* _Problem to solve_:
The lines to copy from the listing below are those that contain the string "Diamond".

* _Stored data_:
───

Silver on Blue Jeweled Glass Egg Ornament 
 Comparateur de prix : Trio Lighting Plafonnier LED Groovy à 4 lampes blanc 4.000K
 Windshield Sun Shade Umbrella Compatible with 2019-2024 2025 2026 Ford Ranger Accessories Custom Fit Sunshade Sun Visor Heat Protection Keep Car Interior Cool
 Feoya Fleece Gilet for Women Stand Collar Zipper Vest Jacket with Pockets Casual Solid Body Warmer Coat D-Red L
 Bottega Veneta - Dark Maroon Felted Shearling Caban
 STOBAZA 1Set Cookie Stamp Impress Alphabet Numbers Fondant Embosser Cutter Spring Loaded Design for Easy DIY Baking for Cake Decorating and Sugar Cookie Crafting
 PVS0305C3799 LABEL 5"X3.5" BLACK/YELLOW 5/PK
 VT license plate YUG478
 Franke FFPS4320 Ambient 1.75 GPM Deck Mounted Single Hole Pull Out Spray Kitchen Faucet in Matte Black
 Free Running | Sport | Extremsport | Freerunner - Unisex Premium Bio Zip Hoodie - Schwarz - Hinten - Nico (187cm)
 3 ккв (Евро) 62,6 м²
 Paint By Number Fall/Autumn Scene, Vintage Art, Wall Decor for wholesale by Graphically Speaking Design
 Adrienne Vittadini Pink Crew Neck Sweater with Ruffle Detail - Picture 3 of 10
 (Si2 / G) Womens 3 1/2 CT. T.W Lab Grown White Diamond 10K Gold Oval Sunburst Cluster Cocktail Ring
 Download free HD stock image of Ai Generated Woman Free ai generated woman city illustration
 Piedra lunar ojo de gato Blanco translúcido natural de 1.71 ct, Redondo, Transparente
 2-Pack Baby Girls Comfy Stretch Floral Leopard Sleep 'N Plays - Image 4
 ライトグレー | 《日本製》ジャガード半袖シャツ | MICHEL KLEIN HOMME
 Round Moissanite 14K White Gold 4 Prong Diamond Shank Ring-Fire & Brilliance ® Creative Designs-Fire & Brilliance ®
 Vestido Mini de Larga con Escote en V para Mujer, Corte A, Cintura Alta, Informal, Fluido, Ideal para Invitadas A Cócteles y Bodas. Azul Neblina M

───

* _Solution to this exercise_:
 (Si2 / G) Womens 3 1/2 CT. T.W Lab Grown White Diamond 10K Gold Oval Sunburst Cluster Cocktail Ring
 Round Moissanite 14K White Gold 4 Prong Diamond Shank Ring-Fire & Brilliance ® Creative Designs-Fire & Brilliance ®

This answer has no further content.